De fato, a influência do Poder Moderador era tal, que o Imperador tinha a possibilidade de intervir nos demais Poderes, “[...] ficando quimérica a possibilidade de que o verdadeiro constituinte de 1824 fosse atribuir a órgão ou Poder outro a competência para controlar a constitucionalidade das leis” (PALU, 2001, p. 121).

Ademais, não caberia ao juiz interpretar as leis, mas tão somente aplicá-las. Assim sendo, a interpretação da lei, bem como a sua elaboração, revogação e as formas de suspensão, estariam restrita ao próprio Poder Legislativo, necessitando, ainda, da sanção do Imperador, uma vez que, por determinação constitucional, era atribuído a Assembleia Geral “velar na guarda da Constituição e promover o bem geral da Nação15”, conforme assevera o art. 15, incisos VIII e IX da referida Carta Imperial.

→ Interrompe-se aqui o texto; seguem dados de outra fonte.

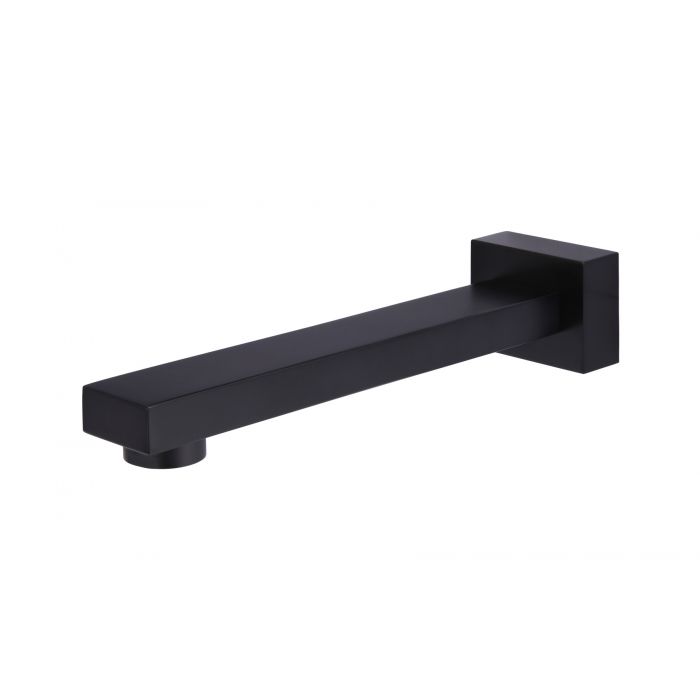 Meir Square Wall Bath Outlet Matte Black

De acordo com essa linha de pensamento, o ilustre José Antônio Pimenta Bueno, em seu escrito Direito Público Brasileiro e Análise da Constituição do Império, leciona o seguinte:

Só o poder que faz a lei é o único competente para declarar por via de autoridade ou por disposição geral obrigatória o pensamento, o preceito dela. Só ele e exclusivamente ele é quem tem o direito de interpretar o seu próprio ato, suas próprias vistas, sua vontade e seus fins. Nenhum outro poder tem o direito de interpretar por igual modo, já porque nenhuma lei lhe deu essa faculdade, já porque seria absurda a que lhe desse. (BUENO, 1978, p. 69)

Nesse caso, nota-se que o controle de constitucionalidade das leis no Brasil Império era exercido pelo Poder Legislativo, embora sem contemplar um sistema que guardasse qualquer semelhança com os modelos atuais de controle.

1.3.2 O controle de constitucionalidade na Constituição 1891 – Federação

Adota, a Constituição de 24 de fevereiro de 1891, sob a inspiração de Rui Barbosa, o modelo norte-americano de controle (difuso e incidental), abandonando assim o padrão francês de organização política.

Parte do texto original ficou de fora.